Surface Downwelling Shortwave — Variability Bias (STD diff)

Surface Downwelling Shortwave — Variability Bias (STD diff)
Variables rsds
Models IFS-FESOM2-SR, IFS-NEMO-ER, ICON-ESM-ER, CMIP6 MMM, MPI-ESM1-2-LR/r1i1p1f1, GISS-E2-1-G/r1i1p1f2, IPSL-CM6A-LR/r1i1p1f1, ACCESS-ESM1-5/r1i1p1f1, EC-Earth3/r1i1p1f1, CNRM-CM6-1/r1i1p1f2, AWI-CM-1-1-MR/r1i1p1f1, CNRM-ESM2-1/r1i1p1f2, FGOALS-g3/r1i1p1f1, INM-CM5-0/r1i1p1f1, MRI-ESM2-0/r1i1p1f1
Reference Dataset ERA5
Units W/m2
Period 1980–2014
IFS-FESOM2-SR Std Gmean: 12.40 · Diff Gmean: 0.49 · Rmse: 2.25
IFS-NEMO-ER Std Gmean: 12.30 · Diff Gmean: 0.40 · Rmse: 1.94
ICON-ESM-ER Std Gmean: 11.38 · Diff Gmean: -0.53 · Rmse: 3.33
CMIP6 MMM Std Gmean: 13.97 · Diff Gmean: 2.07 · Rmse: 2.88

Summary high

This diagnostic evaluates the variability (standard deviation of anomalies) of surface downwelling shortwave radiation.

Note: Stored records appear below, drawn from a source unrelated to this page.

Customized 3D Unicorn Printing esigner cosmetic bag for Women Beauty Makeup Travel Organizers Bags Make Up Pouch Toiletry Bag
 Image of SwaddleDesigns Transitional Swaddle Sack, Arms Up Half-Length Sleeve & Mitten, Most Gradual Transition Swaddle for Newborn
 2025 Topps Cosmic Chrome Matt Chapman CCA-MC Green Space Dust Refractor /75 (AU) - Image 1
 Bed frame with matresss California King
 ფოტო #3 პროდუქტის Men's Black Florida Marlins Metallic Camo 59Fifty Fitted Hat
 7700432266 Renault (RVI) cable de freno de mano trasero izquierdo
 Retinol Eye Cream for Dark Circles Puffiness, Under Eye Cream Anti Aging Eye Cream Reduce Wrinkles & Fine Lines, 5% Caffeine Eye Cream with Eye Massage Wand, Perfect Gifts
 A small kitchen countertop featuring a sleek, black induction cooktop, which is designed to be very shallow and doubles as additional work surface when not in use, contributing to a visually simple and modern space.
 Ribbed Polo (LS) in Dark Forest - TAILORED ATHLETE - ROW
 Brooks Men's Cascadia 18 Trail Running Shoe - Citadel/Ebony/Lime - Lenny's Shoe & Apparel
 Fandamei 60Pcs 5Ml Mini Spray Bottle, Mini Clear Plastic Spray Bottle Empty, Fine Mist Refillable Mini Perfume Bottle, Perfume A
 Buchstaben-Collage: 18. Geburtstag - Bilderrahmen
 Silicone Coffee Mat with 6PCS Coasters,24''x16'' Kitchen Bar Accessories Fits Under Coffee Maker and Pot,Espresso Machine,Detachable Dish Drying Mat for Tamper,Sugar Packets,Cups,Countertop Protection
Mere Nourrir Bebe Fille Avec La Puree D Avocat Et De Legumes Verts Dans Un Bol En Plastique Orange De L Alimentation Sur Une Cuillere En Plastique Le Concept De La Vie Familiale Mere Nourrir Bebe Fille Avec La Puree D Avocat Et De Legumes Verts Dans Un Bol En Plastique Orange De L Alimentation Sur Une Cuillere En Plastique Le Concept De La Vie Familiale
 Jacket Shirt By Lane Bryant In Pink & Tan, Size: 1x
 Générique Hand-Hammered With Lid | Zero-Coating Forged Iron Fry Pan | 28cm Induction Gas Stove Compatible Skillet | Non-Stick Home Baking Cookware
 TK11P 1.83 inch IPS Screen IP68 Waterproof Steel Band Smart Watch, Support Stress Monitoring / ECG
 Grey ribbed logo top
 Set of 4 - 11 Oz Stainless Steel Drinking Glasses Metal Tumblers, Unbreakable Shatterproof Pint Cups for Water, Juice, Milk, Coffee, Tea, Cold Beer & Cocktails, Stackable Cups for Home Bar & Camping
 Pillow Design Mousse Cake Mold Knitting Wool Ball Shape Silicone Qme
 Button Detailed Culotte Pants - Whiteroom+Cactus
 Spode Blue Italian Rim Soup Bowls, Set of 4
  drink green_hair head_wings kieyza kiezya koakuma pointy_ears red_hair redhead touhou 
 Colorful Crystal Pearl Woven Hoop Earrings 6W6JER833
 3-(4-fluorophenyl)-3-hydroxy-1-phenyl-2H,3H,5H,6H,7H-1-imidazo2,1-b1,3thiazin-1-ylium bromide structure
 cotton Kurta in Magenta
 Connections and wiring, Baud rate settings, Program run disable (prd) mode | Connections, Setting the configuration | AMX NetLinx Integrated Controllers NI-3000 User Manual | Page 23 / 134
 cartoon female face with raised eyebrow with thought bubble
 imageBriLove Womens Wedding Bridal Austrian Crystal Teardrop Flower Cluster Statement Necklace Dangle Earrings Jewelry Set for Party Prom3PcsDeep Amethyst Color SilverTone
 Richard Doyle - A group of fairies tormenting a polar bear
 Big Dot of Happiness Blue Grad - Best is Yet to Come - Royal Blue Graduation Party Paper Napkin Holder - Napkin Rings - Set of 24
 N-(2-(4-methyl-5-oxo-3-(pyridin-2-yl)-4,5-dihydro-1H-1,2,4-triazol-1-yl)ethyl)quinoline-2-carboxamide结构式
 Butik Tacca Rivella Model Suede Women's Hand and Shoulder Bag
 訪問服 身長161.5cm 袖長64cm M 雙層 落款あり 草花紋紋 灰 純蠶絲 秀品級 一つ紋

The high-resolution IFS models (NEMO/FESOM) show the closest agreement with ERA5, whereas the CMIP6 Multi-Model Mean and most legacy models systematically overestimate variability, and ICON-ESM-ER systematically underestimates it.

Key Findings

  • IFS-NEMO-ER and IFS-FESOM2-SR perform best, exhibiting the lowest RMSE (~1.9–2.2 W/m²) and weakest bias magnitudes, though they slightly underestimate variability in the tropical ITCZ/SPCZ regions.
  • The CMIP6 Multi-Model Mean and several individual models (e.g., GISS-E2-1-G, MRI-ESM2-0) show a strong, widespread positive bias, indicating they simulate excessive temporal variability in surface solar radiation (global mean diff +2.1 W/m²).
  • ICON-ESM-ER is distinct from the other high-resolution models, showing a widespread negative bias (too little variability), particularly over the tropical oceans and Southern Ocean.
  • A distinct spatial pattern appears in the IFS models: negative bias (too stable) in the deep tropical convective zones, contrasted with positive bias (too variable) in the mid-latitude storm tracks.

Spatial Patterns

In ERA5, highest variability (>18 W/m²) is found in the Tropical Warm Pool and monsoon regions, driven by convective cloud dynamics. The IFS models capture the spatial structure well but dampen the amplitude in the central Pacific. CMIP6 models tend to exaggerate variability over the entire tropical band and Southern Ocean. ICON-ESM-ER suppresses variability broadly across the global ocean.

Model Agreement

The two IFS variants (FESOM/NEMO) agree strongly with each other. There is significant divergence between the high-resolution models (IFS vs ICON) and between the high-resolution group and the CMIP6 ensemble. CMIP6 models are generally 'noisier' than ERA5, while ICON is 'quieter'.

Physical Interpretation

Variability in surface shortwave radiation is primarily controlled by cloud intermittency and optical depth fluctuations. The positive bias in CMIP6 suggests 'flickering' cloud behavior or binary convective triggering (on/off) that lacks the persistence seen in nature. The negative bias in ICON suggests clouds are too persistent or spatially uniform. The IFS dipole (stable tropics, variable mid-latitudes) may reflect differing performance of convective parameterizations vs. large-scale cloud schemes.

Caveats

  • ERA5 is a reanalysis product and relies on its own cloud parameterizations, which introduces some uncertainty as a 'truth' baseline for radiative variables.
  • The analysis does not distinguish between cloud cover fraction variability and cloud optical depth variability.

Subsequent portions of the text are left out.